With the Rare Gridded Borders on the Modern Maps. In a Beautiful Contemporary Binding.
This is the fourth and last of Sebastian Munster's editions of the Geographia based on Pirckheimer's translation with an additional treatise, and enlarged indices by Konrad Wolffhart, generally known as Lycosthenes. The modern world map is from a new block and bears the monogram of the engraver David Kandel in the lower left-hand corner (Shirley, Mapping of the World 92).
Munster's Map of the Americas
Munster's map of America is the earliest map to show all of North and South America in a true continental form. The first edition of the map appeared in Munster's Geographia, first published in 1540. However, it was the map's inclusion in the 1544 edition of Munster's Cosmographia that forever caused America to be the name of the New World, perpetuating Waldseemuller's choice of names in a popular and widely disseminated work.
Munster's map is the earliest map to show all of the continents of America and the first to name the Pacific Ocean (Mare Pacificum). The depiction of North America is dominated by one of the most dramatic geographic misconceptions to be found on early maps-the so-called Sea of Verrazzano. The Pacific cuts deeply into North America so that the part of the coastline at this point is a narrow isthmus between two oceans. This was the result of Verrazzano mistaking the waters to the west of the Outer Banks, the long barrier islands along North Carolina as the Pacific. The division of the New World between Spain and Portugal Spain and Portugal is recognized on the map by the Castille and Leon flag planted in Puerto Rico, here called Sciana.
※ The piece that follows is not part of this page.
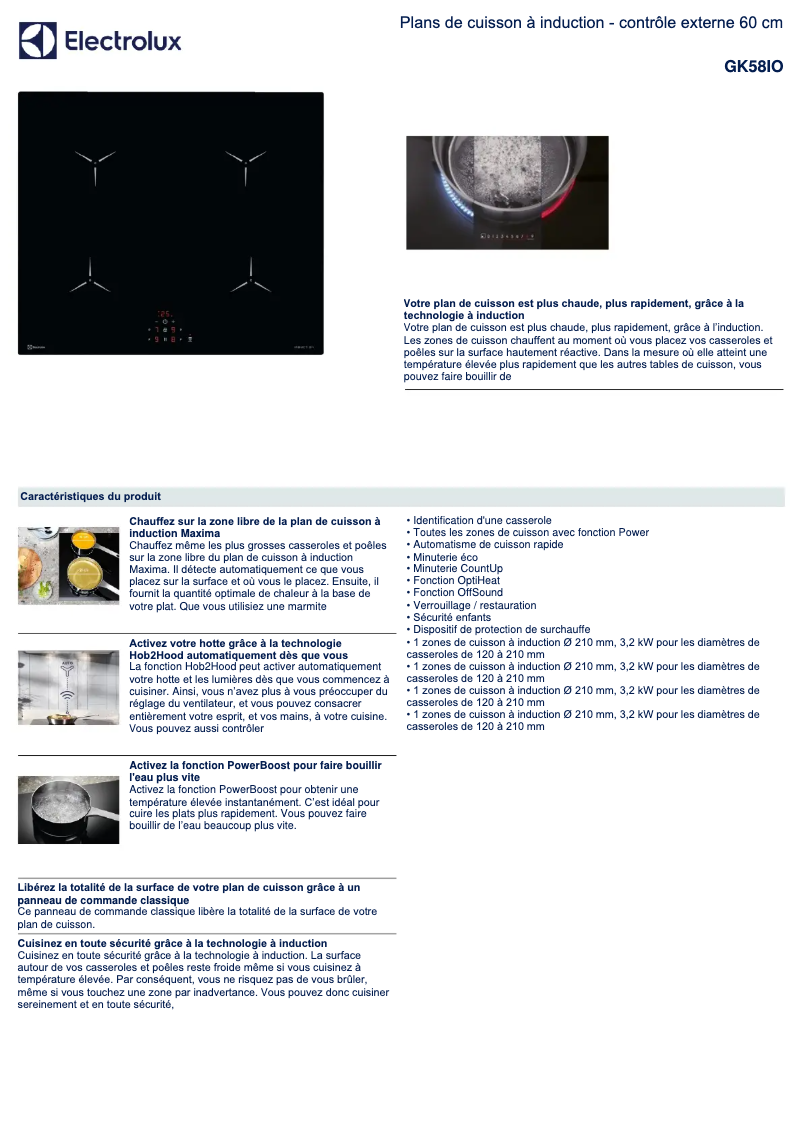 Página 1 del manual Ficha técnica Electrolux GK58IO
The map includes a host of firsts, too many to include in this description. Includes a very early appearance of the Straits of Magellan, along with his ship Victoria in the Pacific. The earliest appearance of Japan on a map, predating European contact and based solely legends, such as Marco Polo. The Yucatan Peninsula is shown as an Island. Lake Temistan empties into the Caribbean. The map depicts cannibals in South America and names Florida. The misinformation provided by Verazanno is perpetuated. The map depicts cannibals in South America and names Florida.
Johann Sigismundus Ulrici, ("Ex Bibliotheca Waltheriana. Libris Suis adtribuit Johannes Sigismundus Ulrici, Architectus"), manuscript annotation to title; Samuel Walther, manuscript annotations, including to pastedowns, blanks and recto of front free endpaper; Jules Remy, ownership inscription to verso of front free endpaper
Sebastian Münster (1488-1552) was a cosmographer and professor of Hebrew who taught at Tübingen, Heidelberg, and Basel. He settled in the latter in 1529 and died there, of plague, in 1552. Münster made himself the center of a large network of scholars from whom he obtained geographic descriptions, maps, and directions.
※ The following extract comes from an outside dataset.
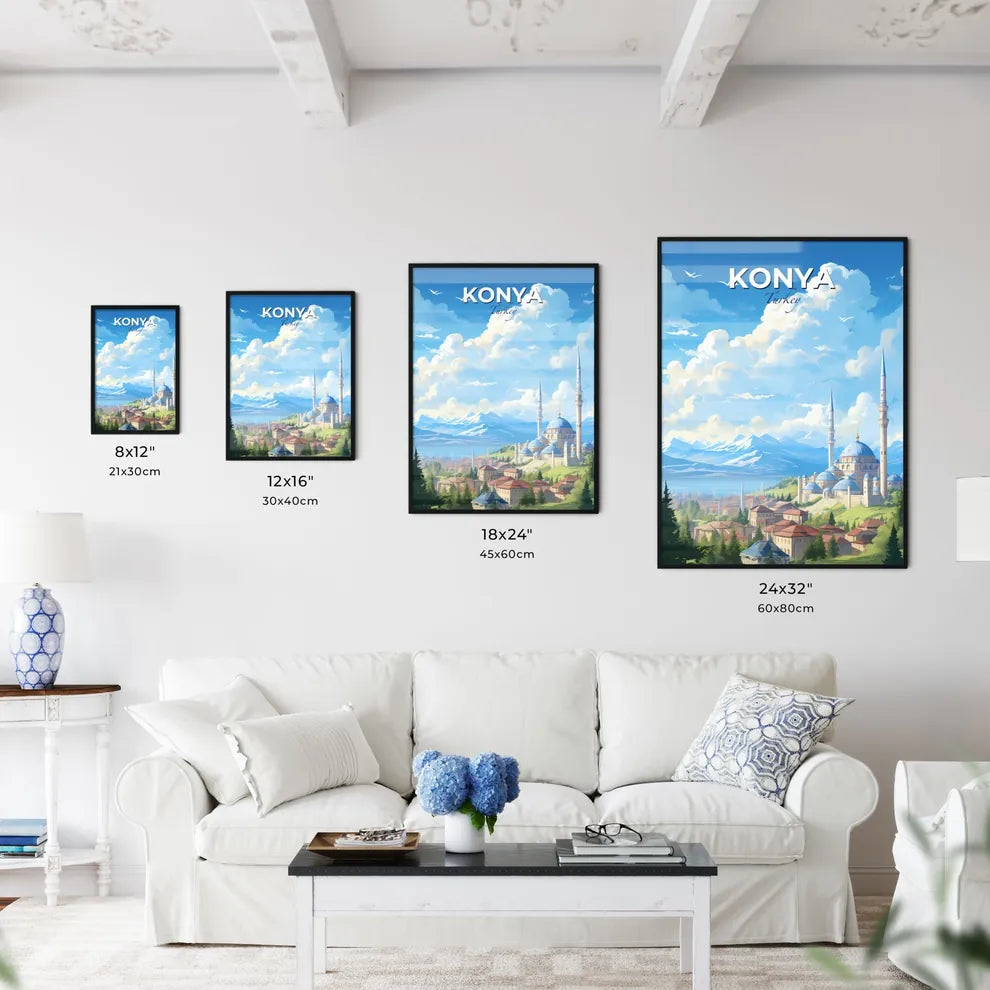 Konya Turkey Skyline - A Landscape Of A City With A Blue Dome Building And Mountains - Customizable Travel Gift Default Title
As a young man, Münster joined the Franciscan order, in which he became a priest. He then studied geography at Tübingen, graduating in 1518. He moved to Basel, where he published a Hebrew grammar, one of the first books in Hebrew published in Germany. In 1521 Münster moved again, to Heidelberg, where he continued to publish Hebrew texts and the first German-produced books in Aramaic. After converting to Protestantism in 1529, he took over the chair of Hebrew at Basel, where he published his main Hebrew work, a two-volume Old Testament with a Latin translation.
Münster published his first known map, a map of Germany, in 1525. Three years later, he released a treatise on sundials. In 1540, he published Geographia universalis vetus et nova, an updated edition of Ptolemy’s Geographia. In addition to the Ptolemaic maps, Münster added 21 modern maps. One of Münster’s innovations was to include one map for each continent, a concept that would influence Ortelius and other early atlas makers. The Geographia was reprinted in 1542, 1545, and 1552.
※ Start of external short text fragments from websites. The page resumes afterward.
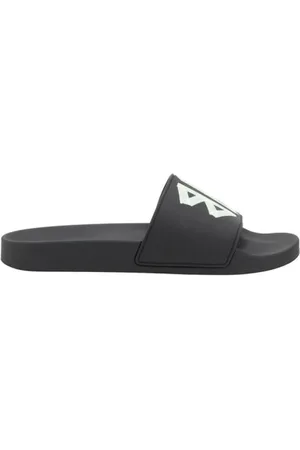 Balenciaga Buty, Mężczyzna, Czarny, 40 EU, Len, Klapki z logo Iconic Rubber
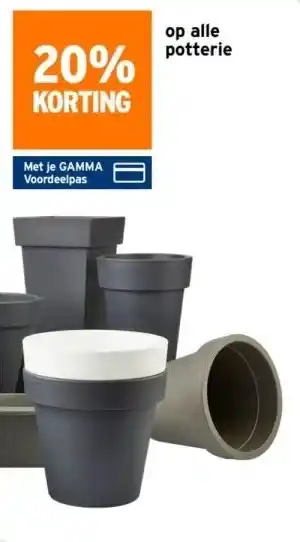 GAMMA op alle potterie aanbieding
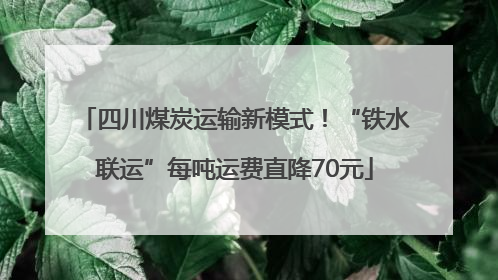 四川煤炭运输新模式！“铁水联运”每吨运费直降70元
He is best known for his Cosmographia universalis, first published in 1544 and released in at least 35 editions by 1628. It was the first German-language description of the world and contained 471 woodcuts and 26 maps over six volumes. Many of the maps were taken from the Geographia and modified over time. The Cosmographia was widely used in the sixteenth and seventeenth centuries. The text, woodcuts, and maps all influenced geographical thought for generations.